Il est des films légers qu’on peut revoir plusieurs fois avec plaisir, et qui semblent plus importants que d’autres car on y retrouve une sorte de vérité, que ce soit dans les personnages, l’ambiance ou certaines situations. JOUE-LA COMME BECKHAM, malgré son titre annonciateur d’une énième comédie footballistique, est de ceux-là. Troisième opus de Gurinder Chadha, réalisatrice d’origine indienne, ce succès-surprise en Grande-Bretagne a tout pour séduire : un scénario carré, sans temps morts, des situations drôles et une forme typiquement britannique. Sur fond de traditions indiennes, les ficelles des TRAINSPOTTING et autres SNATCH dynamitent les scènes à grands coups de BO rock et divers effets de caméra. Le tout renforce le mariage des deux cultures, mais aussi des deux âges –ceux de l’héroïne et de ses parents -, collant donc parfaitement au fond de ce film où ne cessent de s’opposer deux visions différentes du monde. Mais JOUE-LA... ne serait rien sans ses personnages. De la communauté indienne à la famille anglaise, les caractères sont solidement campés, aussi caricaturaux qu’attachants, aussi drôles qu’humains, rappelant les meilleurs jours des comédies farcies de grands seconds rôles.
UNE BONNE HISTOIRE ET UN BON FILM
Arriver à nous émouvoir tout en étant léger, voilà la force de ce film. Adoptant une approche originale des personnages principaux, par leurs défauts (la cuisse brûlée, le genou brisé), la réalisatrice donne du relief à ses caractères, les rendant plus crédibles, plus humains. Connaissant leurs failles, le spectateur pris de sympathie les suit dans leur pudeur et pousse l’identification... Le résultat est là : l’amourette est émouvante, la bluette passionnante, la banale histoire d’ado universelle. Lorsque, en prime, les rênes sont tenues par trois jeunes comédiens épatants, les interactions pourtant peu originales du trio fonctionnent parfaitement. Quant au fond du film (suivre son rêve dans un océan de pressions diverses), le pari était également risqué. Mais, là encore, JOUE-LA... s’en sort à merveille. Et décline, sans jamais être pesant, l’éternelle thématique de la tolérance sous toutes ses formes : entre la communauté indienne et le couple britannique, les femmes et le foot, les parents et les enfants, les hétéros et les homosexuels... De quoi composer une mosaïque de caractères et de situations qui resteront longtemps dans la tête du spectateur. Une réussite.
Guillaume Tion

Studio - Thomas Baurez
Garçon ou fille, chaussez vos crampons et allez voir ce film sans attendre !
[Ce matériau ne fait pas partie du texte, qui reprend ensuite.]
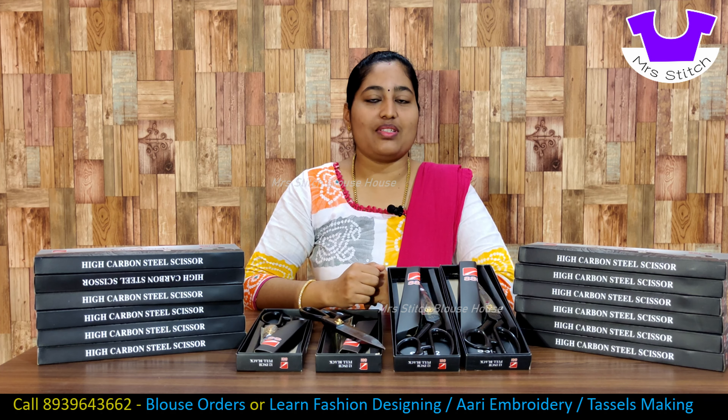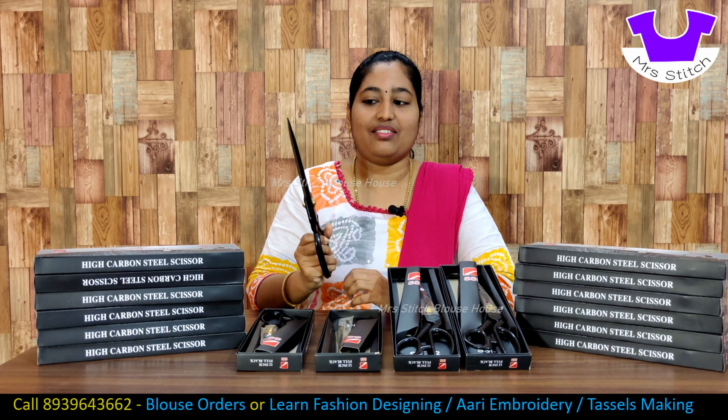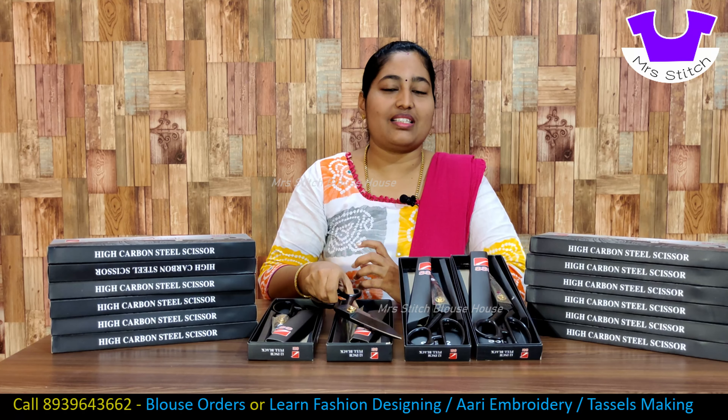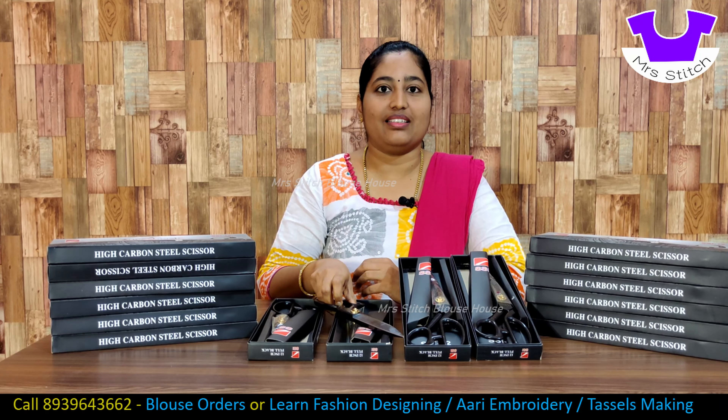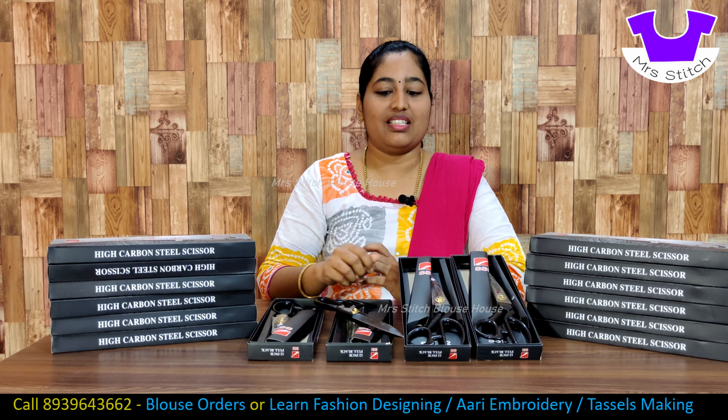Hello friends, welcome to Mr. Stitch Blossos. We are going to show you a very important tool. This is a scissor — a black metal scissor. This is a regular cutting masters tailoring professionals use scissor. If you have a scissor, you will be able to use this scissor. We will show you a full video.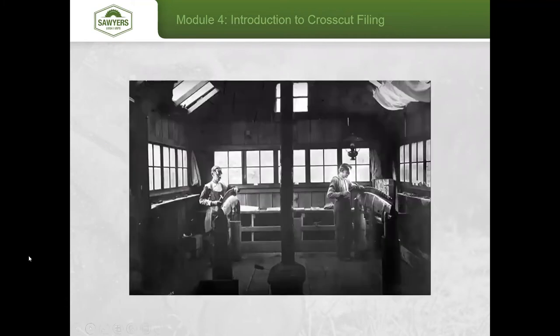Here's an old filing shop, taken up in Washington. You can see the great lighting and the access those filers had to their saw. It's fun to note that filers were typically the highest paid personnel in logging camps — if those saws weren't cutting well, the company wasn't going to make money. With that, we can take questions.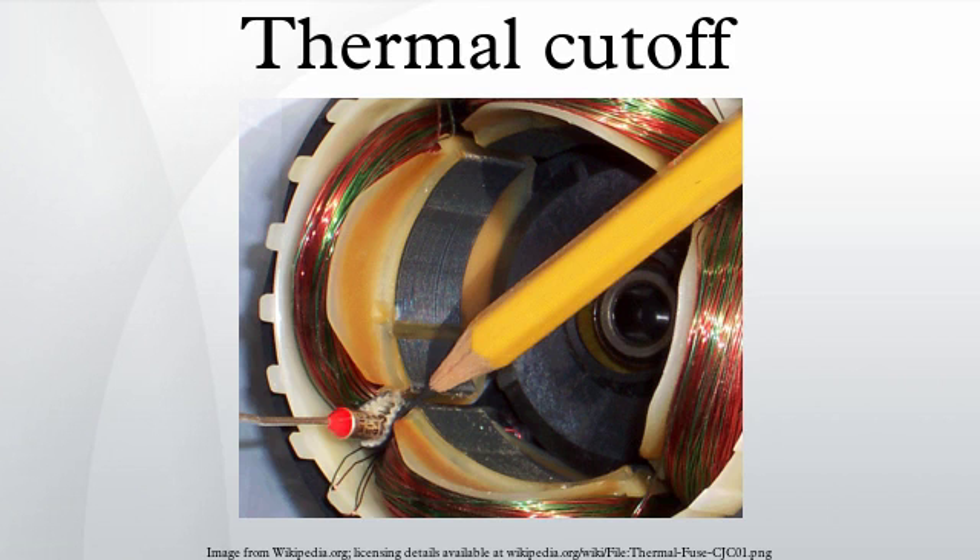A thermal fuse is a cutoff which uses a one-time fusible link. Unlike a thermal switch, which may automatically reset itself when the temperature drops, the thermal fuse is more like an electrical fuse — a single-use device that cannot be reset and must be replaced when it fails or is triggered.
Télé Obs Cinéma - Jean-Philippe Guerand
Ce conte de fées sur ballon rond et de parité souriante possède tous les arguments pour rallier à sa cause le public le plus vaste possible. But !

Zurban - N. T. Binh
La réalisation sans surprises est soutenue par un casting parfait ; elle se permet au passage quelques piques bienvenues contre les préjugés de classe, de race et de sexe.

Télérama - Cécile Mury
Un divertissement léger, mais agréable, qui, à l'instar de Jess (énergique Parminder Nagra) "la joue" droit au but.

Figaroscope - Emmanuèle Frois
Une comédie anglo-indienne qui évite les clichés et dégage une énergie, un enthousiasme, un humour contagieux.

Le Parisien - Alain Grasset
Bien joué, rythmé, percutant et doté d'un humour typiquement british, ce film se regarde comme un match de gala.

Aden - Philippe Piazzo
Un film que devraient adorer les adolescents, et ceux qui le sont restés.

Oui Rock - Amélie Chauvet
JOUE LA COMME BECKHAM est une comédie très sympathique, qui réussit à faire passer son message de tolérance sans temps mort ni leçon de morale.

Le Point - François-Guillaume Lorrain
Les séquences de jeu sont réussies, le ton est doucement féministe mais très sport.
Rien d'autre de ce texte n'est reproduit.